___ Record extracts ___

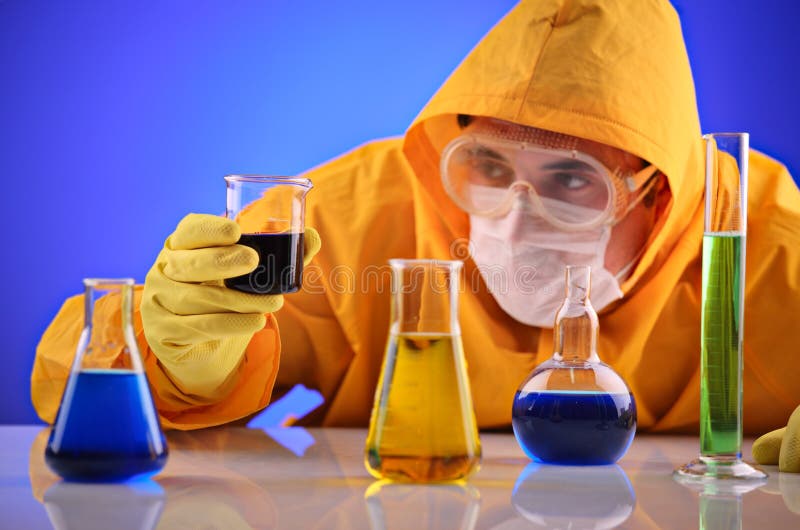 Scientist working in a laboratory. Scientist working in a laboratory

___
___ Record extracts ___

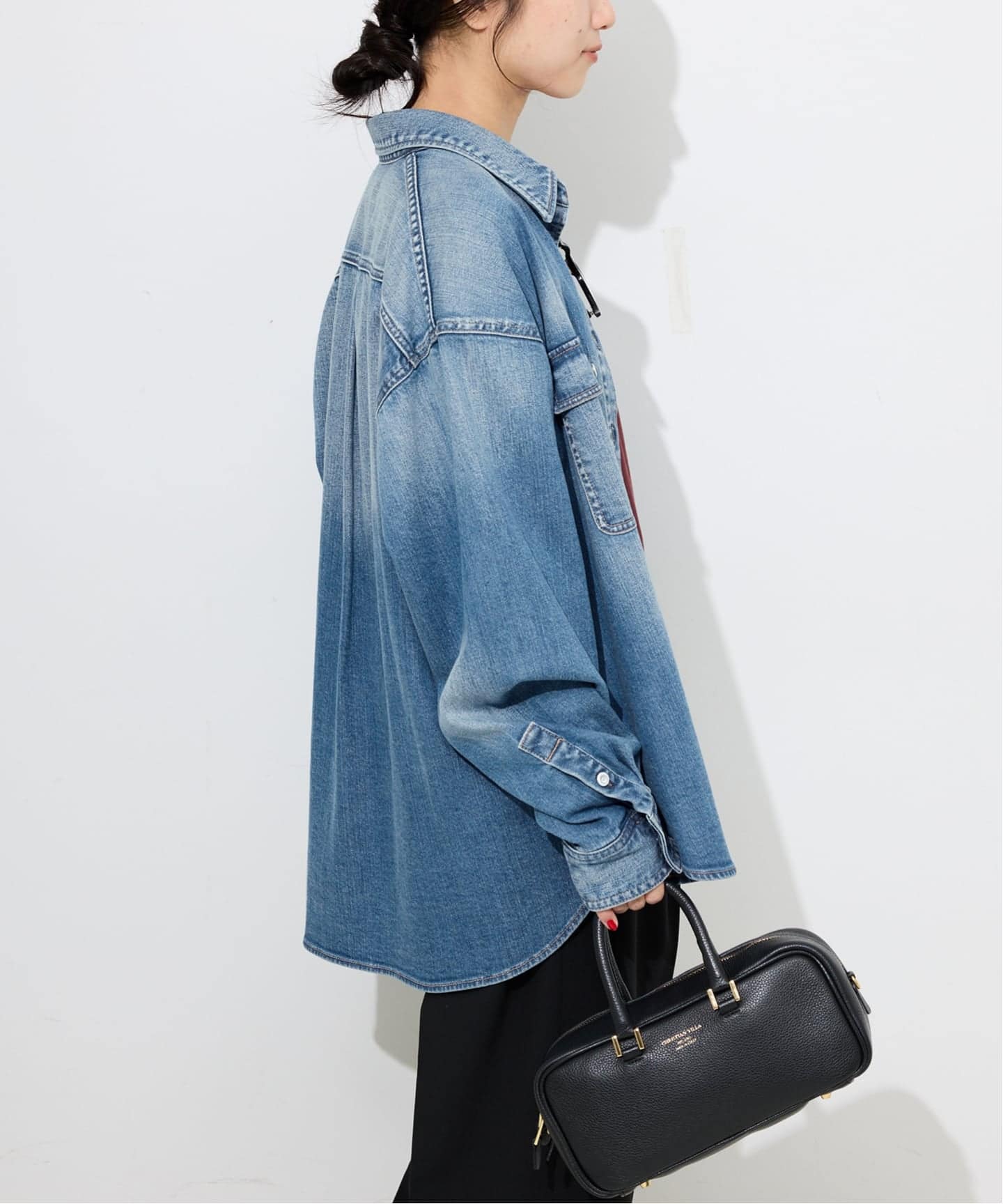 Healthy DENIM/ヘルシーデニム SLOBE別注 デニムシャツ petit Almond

___
___ Record extracts ___

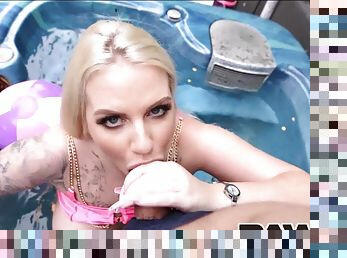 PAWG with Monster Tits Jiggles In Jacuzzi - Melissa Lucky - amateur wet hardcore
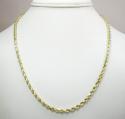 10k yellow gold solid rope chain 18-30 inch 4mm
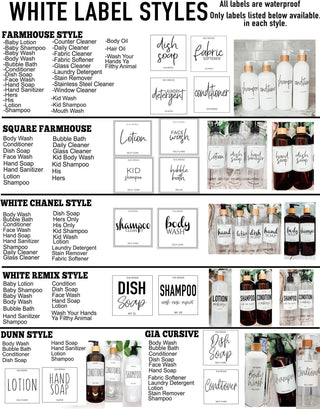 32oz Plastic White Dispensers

___

In the entries above, find the line containing "10k yellow gold" and the line containing "32oz Plastic White Dispensers", then copy both and every line between them exactly, without any picture.

Finished task »
 10k yellow gold solid rope chain 18-30 inch 4mm
 32oz Plastic White Dispensers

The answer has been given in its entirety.